I'm using a handshake page to do this with the following code:
$username = "admin";
$password = "blog";
$url = "http://wordpressblogURL/";
$cookie = "cookie.txt";
$postdata = "log=" . $username . "&pwd=" . $password . "&wp-submit=Log%20In&redirect_to=" . $url . "blog/wordpress/wp-admin/&testcookie=1";
$ch = curl_init();
curl_setopt ($ch, CURLOPT_URL, $url . "blog/wordpress/wp-login.php");
curl_setopt ($ch, CURLOPT_SSL_VERIFYPEER, FALSE);
curl_setopt ($ch, CURLOPT_USERAGENT, "Mozilla/5.0 (Windows; U; Windows NT 5.1; en-US; rv:1.8.1.6) Gecko/20070725 Firefox/2.0.0.6");
curl_setopt ($ch, CURLOPT_TIMEOUT, 60);
curl_setopt ($ch, CURLOPT_FOLLOWLOCATION, 1);
curl_setopt ($ch, CURLOPT_RETURNTRANSFER, 0);
curl_setopt ($ch, CURLOPT_COOKIEJAR, $cookie);
curl_setopt ($ch, CURLOPT_REFERER, $url . "blog/wordpress/wp-login.php");
curl_setopt ($ch, CURLOPT_POSTFIELDS, $postdata);
curl_setopt ($ch, CURLOPT_POST, 1);
$result = curl_exec ($ch);
curl_close($ch);
echo $result;
exit;
This works fine. It logs me in great.
The problem is that I believe WordPress keys off of the URL.
To elaborate, my handshake page (which logs me in) is in the "blog" directory and my WordPress application is in the "wordpress" directory which sits inside the "blog" directory. The URL in the browser says ..blog/handshake.php
. However, it has the Admin section of WordPress in the browser window. WordPress Admin links now do not function correctly, because the URL is in the ../blog
directory when it needs to be in the ..blog/wordpress/wp-admin
directory.
Is there a way in cURL to make it so that the URL in the browser reflects the actual page?
Should I be using FSockOPen instead?
Kalium got this right -- paths in the WordPress interface are relative, causing the administration interface to not work properly when accessed in this manner.
Your approach is concerning in a few ways, so I'd like to make a few quick recommendations.

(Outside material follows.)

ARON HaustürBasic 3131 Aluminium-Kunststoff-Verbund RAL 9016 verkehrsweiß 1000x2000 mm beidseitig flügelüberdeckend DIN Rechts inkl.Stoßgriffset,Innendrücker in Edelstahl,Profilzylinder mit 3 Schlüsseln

Firstly, I would try to find a way to remove the $username
and $password
variables from being hard-coded. Think about how easy this is to break -- if the password is updated via the administration interface, for instance, the hard-coded value in your code will no longer be correct, and your "auto-login" will now fail. Furthermore, if someone somehow comprises the site and gains access to handshake.php
-- well, now they've got the username and password for your blog.
It looks like your WordPress installation rests on the same server as the handshake script you've written, given the path to /blog
is relative (in your sample code). Accordingly, I'd suggest trying to mimic the session they validate against in your parent applications login. I've done this several times in the past -- just can't recall the specifics. So, for instance, your login script would not only set your login credentials, but also set the session keys required for WordPress authentication.
This process will involve digging through a lot of WordPress's code, but thats the beauty of open source! Instead of using cURL and hard-coding values, try to simply integrate WordPress's authentication mechanism into your application's login mechanism. I'd start by looking at the source for wp-login.php
and going from there.
If all else fails and you're determined to not try to mesh your session authentication mechanism with that of WordPress, then you could immediately fix your problem (without fixing the more concerning aspects of your approach) with these changes to your code:
First, add the following curl_opt:
curl_setopt($ch, CURLOPT_COOKIEFILE, $cookie); // Enables session support
Then, add this after closing the cURL handler:
curl_close($ch);
// Instead of echoing the result, redirect to the administration interface, now that the valid, authenticated session has been established
header('location: blog/wordpress/wp-admin/');
die();
So, in this less than ideal solution you'd use cURL to authenticate the user, and then rather than attempt to hijack the administration interface into that current page, redirect them to the regular administration interface.
I hope this helps! Let me know if you need more help / the solution isn't clear.
Check the HTML source. It sounds like WP's links may be relative. Instead of making this process even more complicated than it already is, however, I suggest you perform the login, hand the user whatever cookies are required, and redirect them.
Otherwise you're coding a proxy, piece by piece.
If your script doesn't perform all the functions you need in a single execution, you may need to parse out the cookie values, store them in a file, and then resend on the next execution. Check out the CURLOPT_COOKIEFILE option.
Use Zend Framework's Cookies class to manage them for you. I have used this in the past for crawling secure sections of a web site using cURL.